Now, Jackson is perfect for the middle of any teams rotation, but I am not suggesting he make a return to the Tigers to pitch for them. He is too much like Detroit’s own Max Scherzer who he was traded for before the 2010 season. Jackson will have high pitch counts, because his command isn’t great, but he can flat out dominate on any given day. He probably will continue to struggle with consistency throughout his career, keeping him from being the ace that was envisioned when he was a youngster in the Dodgers system. Depending on the interested teams needs, Jackson has some versatility to where he fits in the rotation.
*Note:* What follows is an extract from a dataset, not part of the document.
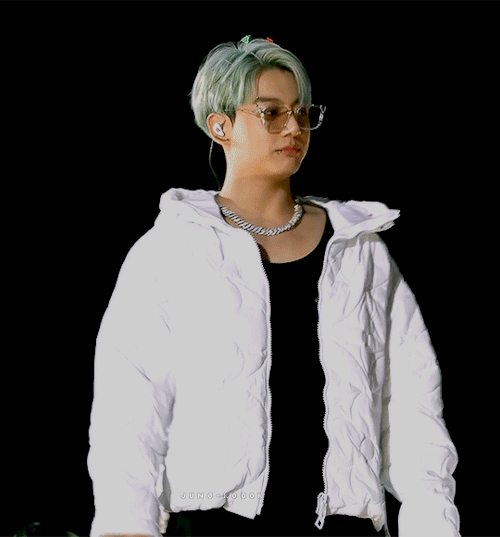 Jungkook In This Fit (cr.namuspromised)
His being a workhorse could lend him to being a leader for a young staff. His ERA and ability lend him to being a solid #2, and his inconsistency makes him a #3 most of the time, albeit one that is more talented than most at that spot.
So where is the best fit?
Since Jackson is a middle of the rotation guy at least in a slim free agent market this off-season, he is going to get paid regardless of where he goes. Personally, I think his best options reside in the small to mid market teams where there is the biggest need. Teams like the Royals, Pirates and Marlins are going to be looking for a guy in his prime (28 years old) to either anchor the staff, or be a Robin to someone’s Batman. The Chicago Cubs, Orioles, Cardinals, and Mets wouldn’t surprise me either as they have better financial resources and are willing to use them.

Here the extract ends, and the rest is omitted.